**What the task requires**
Where does the string "deer" occur in the entries below? Copy every line where it does.

**Records for processing**
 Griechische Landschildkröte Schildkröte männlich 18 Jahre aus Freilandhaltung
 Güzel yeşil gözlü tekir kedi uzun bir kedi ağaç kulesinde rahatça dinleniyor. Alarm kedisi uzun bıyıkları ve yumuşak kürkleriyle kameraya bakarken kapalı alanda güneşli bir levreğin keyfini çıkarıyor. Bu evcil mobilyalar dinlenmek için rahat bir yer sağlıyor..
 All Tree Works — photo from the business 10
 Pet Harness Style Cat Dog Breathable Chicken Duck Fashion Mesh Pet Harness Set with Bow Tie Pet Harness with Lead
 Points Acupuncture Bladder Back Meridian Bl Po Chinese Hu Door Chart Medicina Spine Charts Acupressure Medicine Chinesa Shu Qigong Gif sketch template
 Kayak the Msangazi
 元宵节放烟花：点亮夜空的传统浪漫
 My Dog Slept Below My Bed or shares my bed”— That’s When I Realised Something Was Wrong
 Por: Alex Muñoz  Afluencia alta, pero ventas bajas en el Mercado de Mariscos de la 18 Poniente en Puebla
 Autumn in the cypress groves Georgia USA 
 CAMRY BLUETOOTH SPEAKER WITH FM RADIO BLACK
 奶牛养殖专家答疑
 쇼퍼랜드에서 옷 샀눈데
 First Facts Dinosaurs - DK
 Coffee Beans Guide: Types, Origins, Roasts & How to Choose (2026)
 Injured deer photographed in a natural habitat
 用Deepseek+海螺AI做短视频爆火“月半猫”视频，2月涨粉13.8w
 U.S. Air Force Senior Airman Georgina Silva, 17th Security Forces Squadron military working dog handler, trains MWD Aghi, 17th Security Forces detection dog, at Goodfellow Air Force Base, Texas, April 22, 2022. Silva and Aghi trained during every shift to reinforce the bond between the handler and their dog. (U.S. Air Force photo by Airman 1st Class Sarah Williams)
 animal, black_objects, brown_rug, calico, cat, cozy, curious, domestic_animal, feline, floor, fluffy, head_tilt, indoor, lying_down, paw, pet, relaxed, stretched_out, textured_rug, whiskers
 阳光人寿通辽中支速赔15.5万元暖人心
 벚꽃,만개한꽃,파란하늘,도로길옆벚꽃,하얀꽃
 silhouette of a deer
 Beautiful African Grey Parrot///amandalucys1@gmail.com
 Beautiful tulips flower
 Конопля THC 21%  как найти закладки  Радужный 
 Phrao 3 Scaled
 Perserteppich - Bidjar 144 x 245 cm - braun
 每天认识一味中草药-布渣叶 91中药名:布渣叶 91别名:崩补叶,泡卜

**Response box**
 Injured deer photographed in a natural habitat
 silhouette of a deer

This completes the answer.